[Short text fragments from websites]
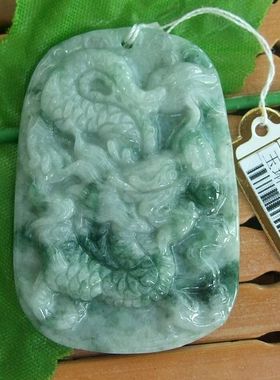 90448玉琳阁  实物拍 缅甸玉 天然A货翡翠 中华腾龙玉牌吊坠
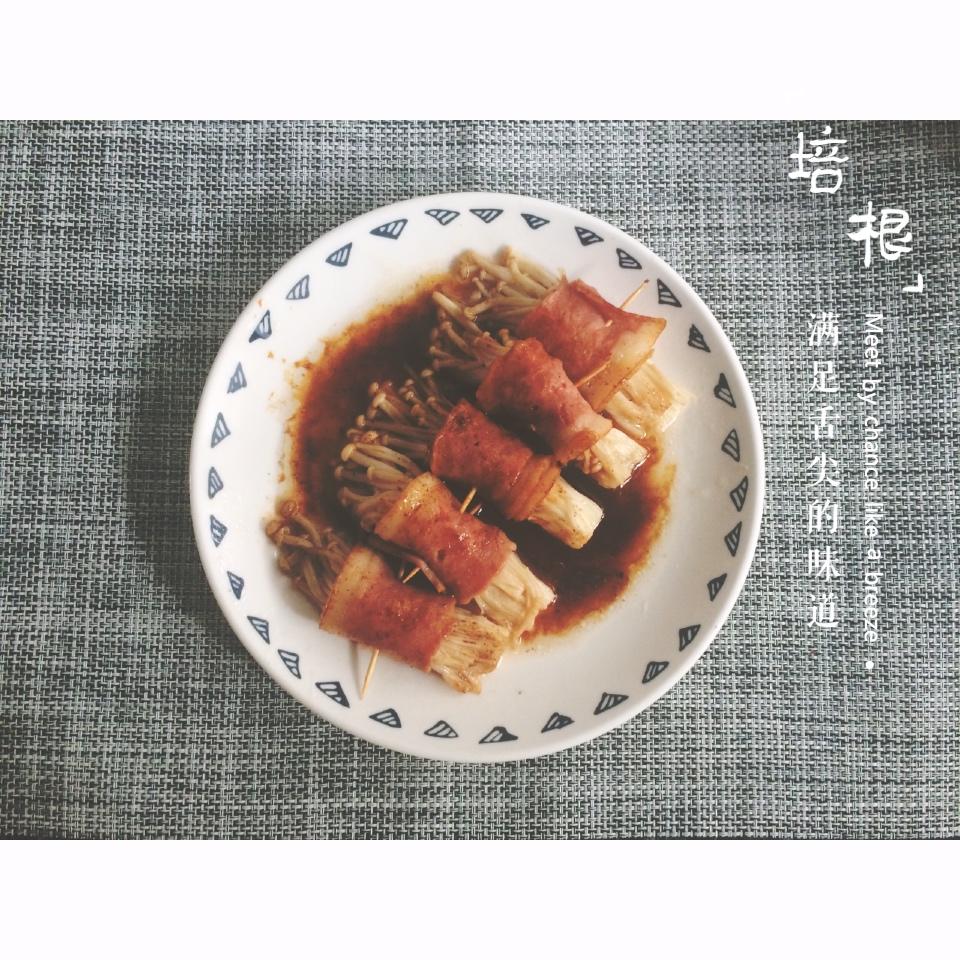 金针菇培根卷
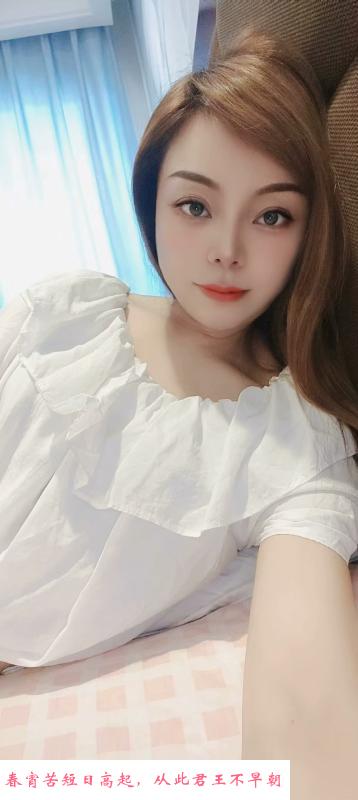 少妇小月 第3张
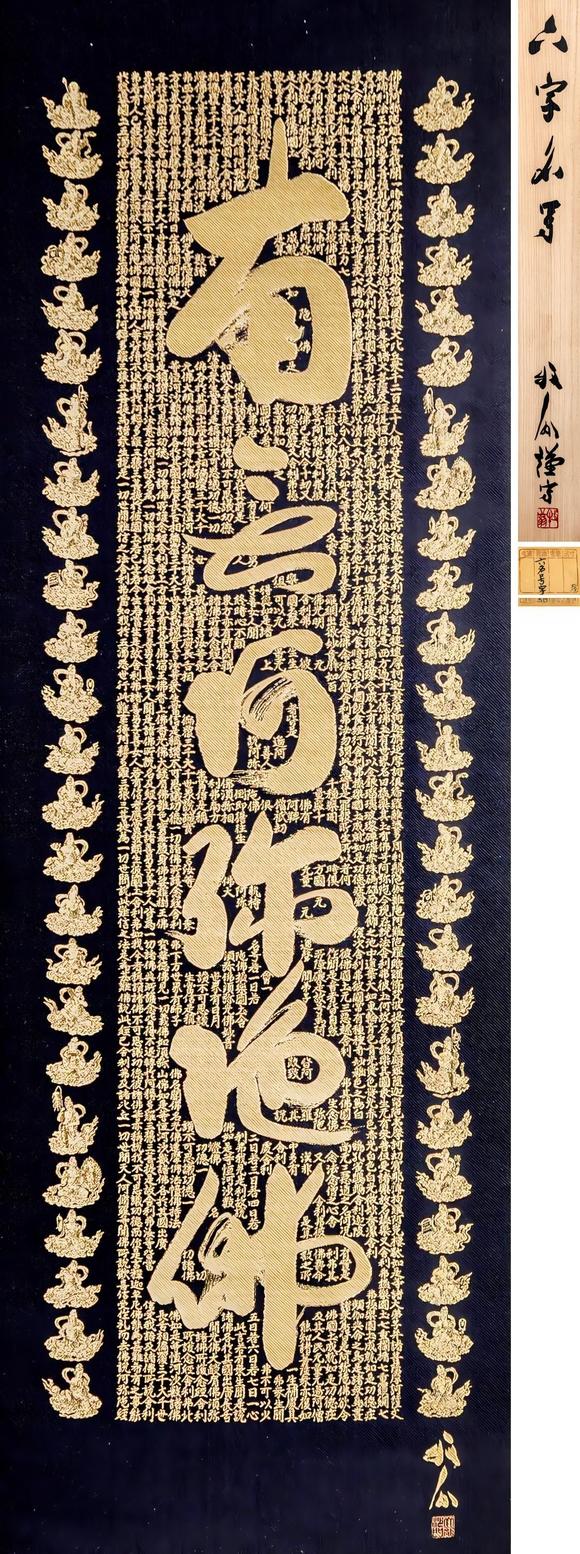 大阪美術(shù)商會(huì)關(guān)牧翁 刺繡六字名號(hào)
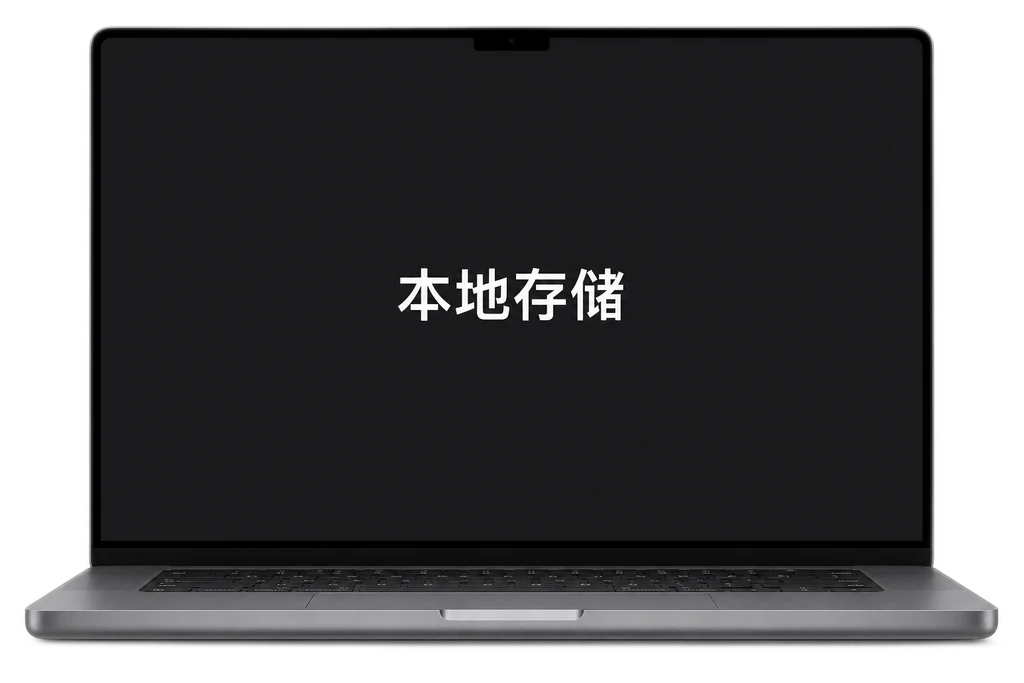DimAgent 本地工作空间与个人数据保险箱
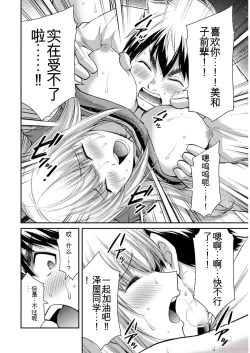 Page 62 of Giruti Sakuru vol 09Chinese Version《罪恶社团》第9卷86-95话，AI机翻汉化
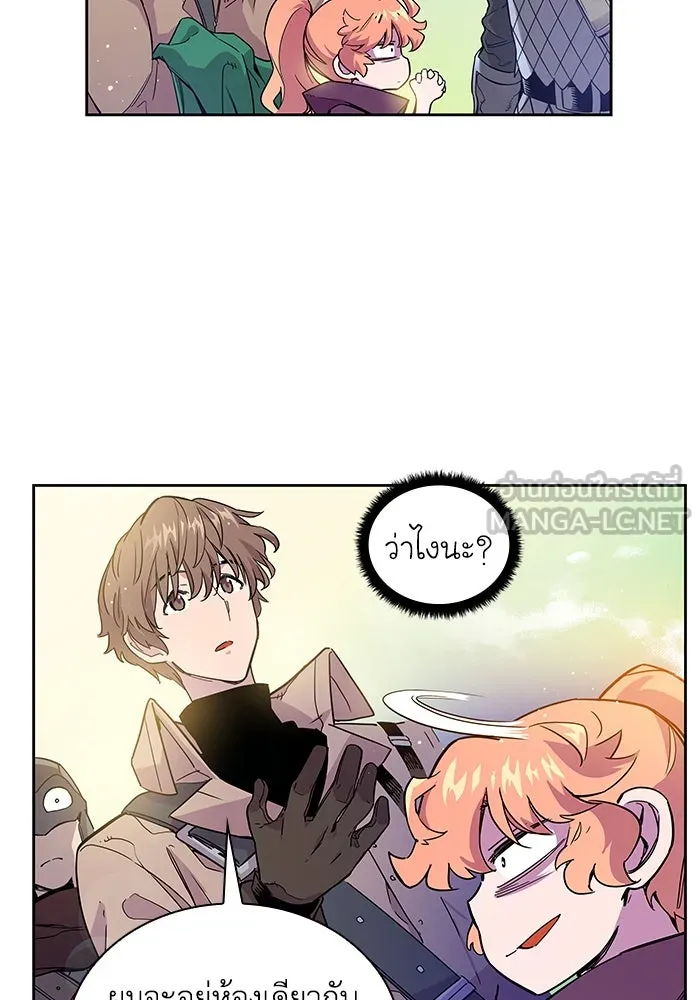 ฟิลเลียโรเซ่กับคำทำนายแห่งมงกุฎหนาม ตอนที่ 6 รูปที่ 15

:: REQUIRED ACTION ::
Return verbatim every line from the line containing "大阪美術(shù)商會(huì)關(guān)牧翁 刺繡六字名號(hào)" to the last line of the entries above, inclusive, and leave out the pictures.

:: REPLY TO THE EXERCISE ::
 大阪美術(shù)商會(huì)關(guān)牧翁 刺繡六字名號(hào)
DimAgent 本地工作空间与个人数据保险箱
 Page 62 of Giruti Sakuru vol 09Chinese Version《罪恶社团》第9卷86-95话，AI机翻汉化
 ฟิลเลียโรเซ่กับคำทำนายแห่งมงกุฎหนาม ตอนที่ 6 รูปที่ 15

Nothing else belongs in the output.